10. Test & docs strategy (a key deliverable, per the dev method)

  • TDD, test-first. Every verification rule lands as a failing test first: a valid bundle passes; each tampered input (swapped module, edited checksums.txt, forged provenance.json, bad/wrong-key signature, unknown key-id, variant mismatch) fails with its own typed error (ErrSignatureInvalid, ErrChecksumMismatch, ErrProvenanceMismatch). Table-driven, t.Parallel(), ≥90% coverage on new pkg/ code, go test -race clean.
  • BDD acceptance (godog).
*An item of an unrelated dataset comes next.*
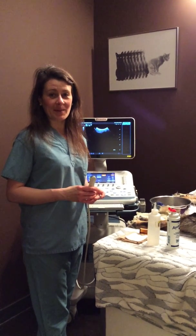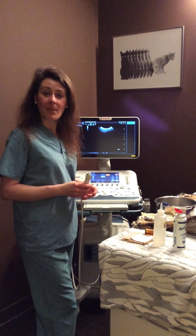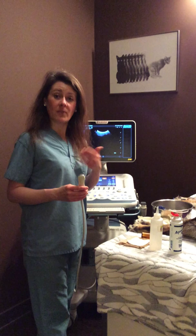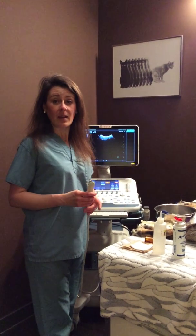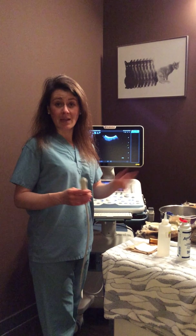Dr. Julie Schell from Beaumont Veterinary Hospital, and I'd like to introduce you to our new ultrasound machine. It's an Esoté MyLab 7, and I did a lot of research to figure out what type of unit could replace our old one, because we've had ultrasound at Beaumont Veterinary Hospital since about 2001.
The trust behaviours are also expressed as Gherkin scenarios — "Given a release signed by a retired key, When I load it, Then it is rejected" — so the security contract reads as executable specification, not just unit assertions.
  • Docs land in the same MR (Diátaxis): the obtain-a-module how-to gains the certified-release path; a reference page documents WithModuleRelease / Variant / Provenance / the typed errors; an explanation page covers the trust model (KMS+OIDC, embedded key-set, what each layer does and does not defend — incl. the GitLab- compromise gap that 0011 closes). Package doc.go updated.

11. Definition of done

A consumer calls WithModuleRelease("n8.1.2-N", VariantLGPL) and afmpeg loads a module only after verifying the KMS signature, the checksum, and the provenance — offline against the pinned key-set — with a clear, typed failure for each tampered case, proven by both unit (TDD) and Gherkin (BDD) tests at ≥90% coverage. WithModuleURL is unchanged. All three doc types (§10) ship in the same MRs. The WKD second layer is specced (0011) and sequenced as the fast-follow.